_Work instruction_
Find the line that holds "Ski Trails Condo", then repeat it and each line below it word for word through the end of the listing, leaving out pictures.

_Dataset extract_
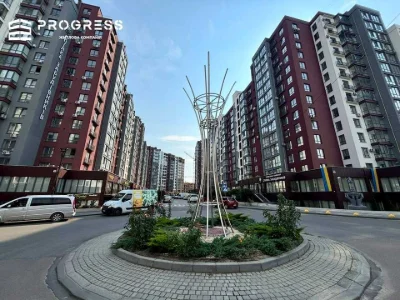 Квартира. Ивано-Франковск, Княгинин ул., (Дом 18)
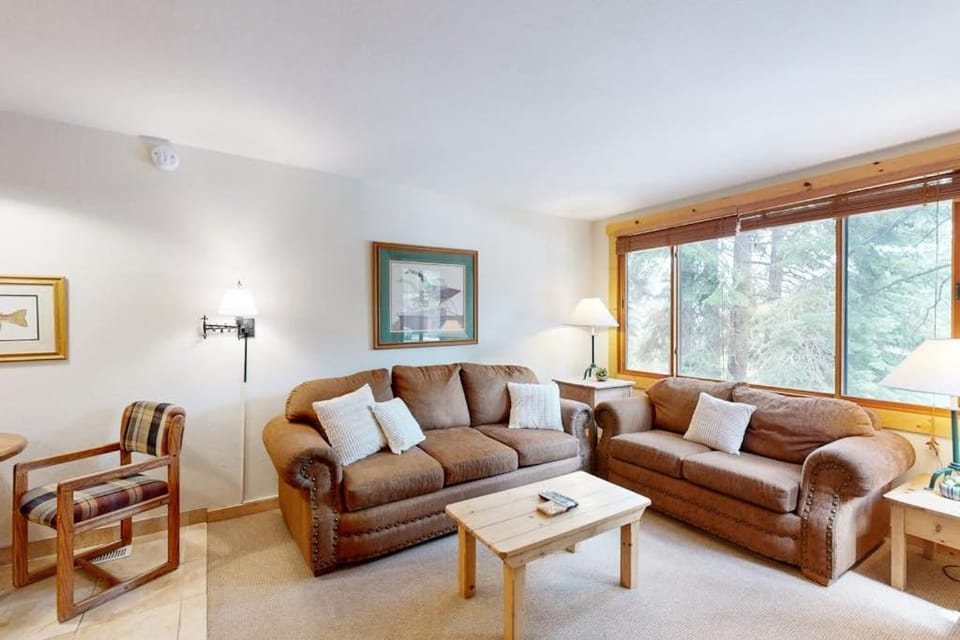 Ski Trails Condo - Pool & Hot Tub 200' to Slopes - Near Restaurants & Shops House in Northstar Drive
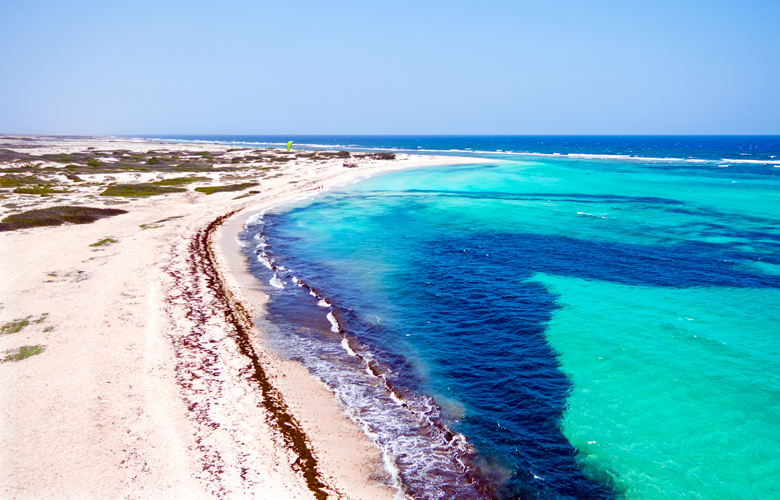 Αρούμπα, το νησί που είναι πάντα καλοκαίρι 12 shutterstock 430340851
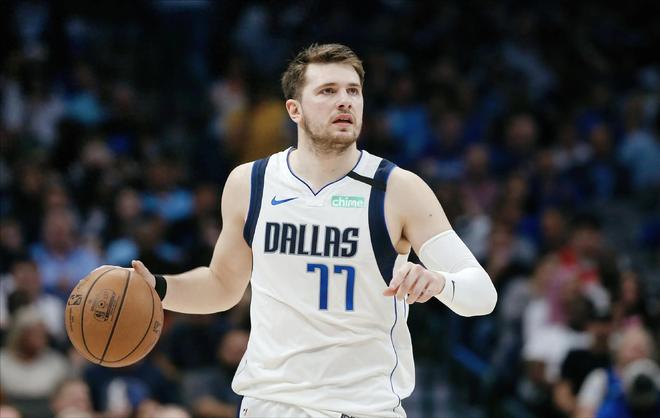 湖人118-116險(xiǎn)勝馬刺，3大功臣拯救球隊(duì)，文班亞馬6犯成轉(zhuǎn)折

_Solved exercise_
 Ski Trails Condo - Pool & Hot Tub 200' to Slopes - Near Restaurants & Shops House in Northstar Drive
 Αρούμπα, το νησί που είναι πάντα καλοκαίρι 12 shutterstock 430340851
 湖人118-116險(xiǎn)勝馬刺，3大功臣拯救球隊(duì)，文班亞馬6犯成轉(zhuǎn)折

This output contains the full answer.